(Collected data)
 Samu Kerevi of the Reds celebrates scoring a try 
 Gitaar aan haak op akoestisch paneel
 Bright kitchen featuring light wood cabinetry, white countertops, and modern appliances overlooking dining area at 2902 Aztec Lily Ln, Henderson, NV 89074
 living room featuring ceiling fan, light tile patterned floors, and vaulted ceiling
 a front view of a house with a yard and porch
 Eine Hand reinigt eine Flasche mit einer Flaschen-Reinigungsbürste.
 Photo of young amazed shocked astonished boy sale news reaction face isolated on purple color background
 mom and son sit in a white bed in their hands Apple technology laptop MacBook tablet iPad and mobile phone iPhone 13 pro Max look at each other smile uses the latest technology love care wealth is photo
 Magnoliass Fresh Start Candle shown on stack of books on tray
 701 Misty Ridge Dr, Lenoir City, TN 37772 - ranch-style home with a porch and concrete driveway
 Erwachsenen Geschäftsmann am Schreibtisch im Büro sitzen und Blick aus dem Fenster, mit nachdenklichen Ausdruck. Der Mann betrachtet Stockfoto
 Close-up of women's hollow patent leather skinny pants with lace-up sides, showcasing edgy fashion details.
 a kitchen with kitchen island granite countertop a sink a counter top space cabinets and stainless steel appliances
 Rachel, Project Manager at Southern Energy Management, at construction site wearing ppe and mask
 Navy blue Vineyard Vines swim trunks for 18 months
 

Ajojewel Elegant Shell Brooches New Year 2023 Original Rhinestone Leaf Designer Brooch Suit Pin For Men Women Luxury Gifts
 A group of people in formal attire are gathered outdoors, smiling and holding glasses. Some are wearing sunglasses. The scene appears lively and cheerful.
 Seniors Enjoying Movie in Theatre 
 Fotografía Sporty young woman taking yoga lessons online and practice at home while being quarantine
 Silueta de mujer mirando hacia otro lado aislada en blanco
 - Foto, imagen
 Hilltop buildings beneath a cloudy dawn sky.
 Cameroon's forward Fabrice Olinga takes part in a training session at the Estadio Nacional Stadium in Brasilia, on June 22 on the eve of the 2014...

About this task | Print the records above in full, exactly.

Solved exercise |
 Samu Kerevi of the Reds celebrates scoring a try 
 Gitaar aan haak op akoestisch paneel
 Bright kitchen featuring light wood cabinetry, white countertops, and modern appliances overlooking dining area at 2902 Aztec Lily Ln, Henderson, NV 89074
 living room featuring ceiling fan, light tile patterned floors, and vaulted ceiling
 a front view of a house with a yard and porch
 Eine Hand reinigt eine Flasche mit einer Flaschen-Reinigungsbürste.
 Photo of young amazed shocked astonished boy sale news reaction face isolated on purple color background
 mom and son sit in a white bed in their hands Apple technology laptop MacBook tablet iPad and mobile phone iPhone 13 pro Max look at each other smile uses the latest technology love care wealth is photo
 Magnoliass Fresh Start Candle shown on stack of books on tray
 701 Misty Ridge Dr, Lenoir City, TN 37772 - ranch-style home with a porch and concrete driveway
 Erwachsenen Geschäftsmann am Schreibtisch im Büro sitzen und Blick aus dem Fenster, mit nachdenklichen Ausdruck. Der Mann betrachtet Stockfoto
 Close-up of women's hollow patent leather skinny pants with lace-up sides, showcasing edgy fashion details.
 a kitchen with kitchen island granite countertop a sink a counter top space cabinets and stainless steel appliances
 Rachel, Project Manager at Southern Energy Management, at construction site wearing ppe and mask
 Navy blue Vineyard Vines swim trunks for 18 months
 

Ajojewel Elegant Shell Brooches New Year 2023 Original Rhinestone Leaf Designer Brooch Suit Pin For Men Women Luxury Gifts
 A group of people in formal attire are gathered outdoors, smiling and holding glasses. Some are wearing sunglasses. The scene appears lively and cheerful.
 Seniors Enjoying Movie in Theatre 
 Fotografía Sporty young woman taking yoga lessons online and practice at home while being quarantine
 Silueta de mujer mirando hacia otro lado aislada en blanco
 - Foto, imagen
 Hilltop buildings beneath a cloudy dawn sky.
 Cameroon's forward Fabrice Olinga takes part in a training session at the Estadio Nacional Stadium in Brasilia, on June 22 on the eve of the 2014...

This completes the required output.